Dataset excerpts
Start of Block
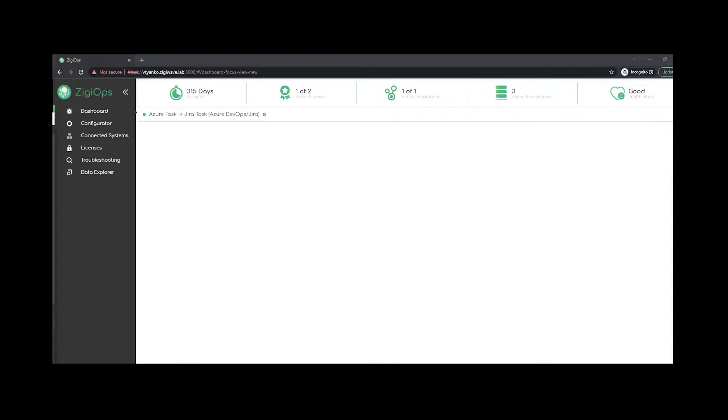Hello there and welcome to another demo session with me Janko. Today we'll review one of my favorite integrations between two of the most renowned systems out there. I'm pretty sure that many have heard of Azure DevOps and Jira, so we will review how we can easily integrate these two systems without using any code, of course, just the ZigyOps integration platform.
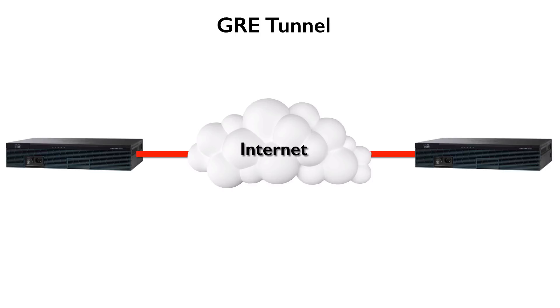Let's say we had a couple of routers located at different sites, separated by the internet or maybe a service provider's cloud, and we needed those two routers to appear to be layer 2 adjacent. Perhaps they needed to form a neighborship between themselves.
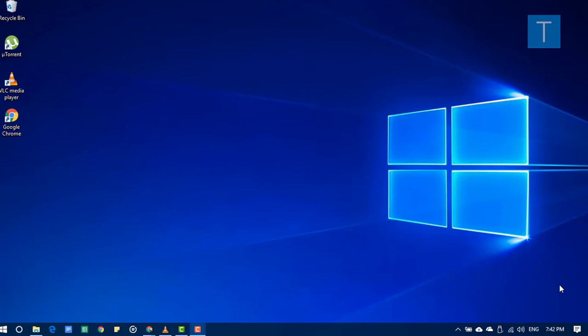Hi guys, this is Uday from texter.com. In this video we're going to see how to stream torrent videos directly from the VLC media player.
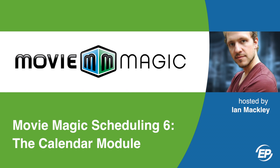Hi, and welcome to Movie Magic Scheduling. I'm your host, Ian, and in this video, I'll be walking you through the new Calendar View.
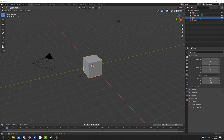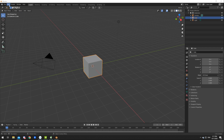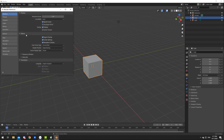Hey guys, very quick video, very quick tip. If you download an alpha or beta build from Blender, or even build your experimental build yourself, if you want to test out some experimental features, you have to go to Preferences, go to Interface, and enable Developer Extras.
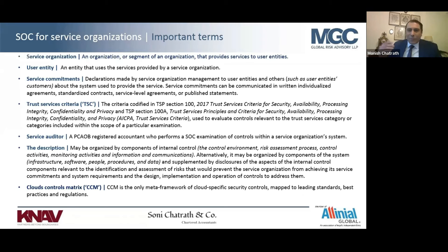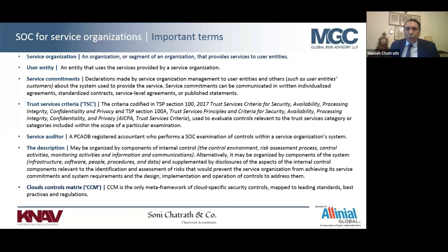I spoke about Type 1 and Type 2. You should ask whoever is requesting a SOC attestation: do you need a report at a point in time, or do you need a report that gives you comfort that controls have operated effectively over a period of time?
End of Block
## TASK OBJECTIVE
If a record contains a picture, drop the picture and repeat the rest exactly.

## OUTPUT FOR THIS EXERCISE
Hello there and welcome to another demo session with me Janko. Today we'll review one of my favorite integrations between two of the most renowned systems out there. I'm pretty sure that many have heard of Azure DevOps and Jira, so we will review how we can easily integrate these two systems without using any code, of course, just the ZigyOps integration platform.
Let's say we had a couple of routers located at different sites, separated by the internet or maybe a service provider's cloud, and we needed those two routers to appear to be layer 2 adjacent. Perhaps they needed to form a neighborship between themselves.
Hi guys, this is Uday from texter.com. In this video we're going to see how to stream torrent videos directly from the VLC media player.
Hi, and welcome to Movie Magic Scheduling. I'm your host, Ian, and in this video, I'll be walking you through the new Calendar View.
Hey guys, very quick video, very quick tip. If you download an alpha or beta build from Blender, or even build your experimental build yourself, if you want to test out some experimental features, you have to go to Preferences, go to Interface, and enable Developer Extras.
I spoke about Type 1 and Type 2. You should ask whoever is requesting a SOC attestation: do you need a report at a point in time, or do you need a report that gives you comfort that controls have operated effectively over a period of time?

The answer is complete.